Long-term investment needs PPPs

The Harambee Prosperity Plan is built around five priority areas, namely effective governance, economic advancement, social progression, infrastructure development, and international relations and cooperation – all essential for the prosperity of this nation.
The government has taken a progressive step with the establishment of a Public Private Partnership (PPP) unit housed in the Ministry of Finance; whose mandate is to create awareness of PPPs, coordinate PPP capacity building; assist government agencies to prepare and submit PPP projects to market to demonstrate workability; assist in developing a favourable environment for PPP projects; perform project assessments; and function as the Secretariat to the PPP Committee.
Public Private Partnerships are commonly defined as a contract between a government institution and a private party with the aim of achieving value that could not have been achieved without collaboration, in this instance, infrastructure development to spur economic development. This type of infrastructure is usually capital intensive with a tangible asset to operate and maintain, with the generation of cash over the long term.
Several contractual approaches have been identified by the World Economic Forum, namely: partnerships, where both the public and private parties share in the risks and benefits of a project; concessions, where the government gives a third party the right to use or develop an asset for a specific purpose and period with all risks and benefits transferred to the party during the concessionary period; licences, where the government gives a third party the right to own or utilize a country’s resources; and lastly privatization, where assets and/or operations are transferred from the public sector to private ownership.
A rarely used approach in Namibia is the concessionary approach, with the build-operate-transfer (BOT) arrangement considered the most frequent form of PPP worldwide. Variants to this arrangement are build-transfer-operate (BTO), design-build-finance-operate (DBFO), build-own-operate (BOO), design-build-operate-maintain (DBOM), and several others.

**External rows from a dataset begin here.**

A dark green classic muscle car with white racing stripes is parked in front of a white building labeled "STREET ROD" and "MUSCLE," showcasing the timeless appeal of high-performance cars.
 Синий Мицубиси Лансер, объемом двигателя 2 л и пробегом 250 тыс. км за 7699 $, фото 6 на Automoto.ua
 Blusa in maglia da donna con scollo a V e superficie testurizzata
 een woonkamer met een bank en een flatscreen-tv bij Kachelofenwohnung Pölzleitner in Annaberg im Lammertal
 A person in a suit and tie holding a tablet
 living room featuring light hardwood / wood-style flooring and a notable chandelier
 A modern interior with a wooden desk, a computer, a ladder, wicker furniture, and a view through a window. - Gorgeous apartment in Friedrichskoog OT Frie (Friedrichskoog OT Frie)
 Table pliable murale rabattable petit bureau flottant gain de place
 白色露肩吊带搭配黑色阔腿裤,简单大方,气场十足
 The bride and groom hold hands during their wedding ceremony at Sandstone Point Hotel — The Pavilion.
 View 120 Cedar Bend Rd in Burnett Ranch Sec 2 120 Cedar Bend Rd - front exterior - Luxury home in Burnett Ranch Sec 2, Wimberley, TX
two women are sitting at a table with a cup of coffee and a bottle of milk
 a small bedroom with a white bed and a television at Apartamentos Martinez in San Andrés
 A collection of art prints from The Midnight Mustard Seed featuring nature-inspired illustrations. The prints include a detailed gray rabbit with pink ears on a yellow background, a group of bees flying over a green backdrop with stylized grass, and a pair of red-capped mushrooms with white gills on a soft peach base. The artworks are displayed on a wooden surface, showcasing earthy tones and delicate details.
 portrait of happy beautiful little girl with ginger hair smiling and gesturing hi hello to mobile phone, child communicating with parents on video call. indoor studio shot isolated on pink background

Typically under concessions, a private sector party, known as a concession holder, invests, builds, and operates an infrastructure project for a specific period, keeping control and cash flow rights until the concession period ends, after which the asset is transferred to the government. Such concessions have frequently been used to finance major infrastructure projects such as highways, tunnels, airports, ports, bridges, canals, railway transport systems, power generation, transmission infrastructure, water supply infrastructure and telecommunications infrastructure.
However, in order to attract private investors, there has to be a business case showing that the concession holder will re-coup its investment cost from the firm’s profits during the concession period, while mitigating the risk of a decrease in consumer surplus due to inflated pricing strategies by concessionary holders which might leave consumers worse off.
In Namibia, an example is the construction of the Ujams waste water treatment plant that wa commissioned in 2014 using the DBOM model for a 21-year concession period.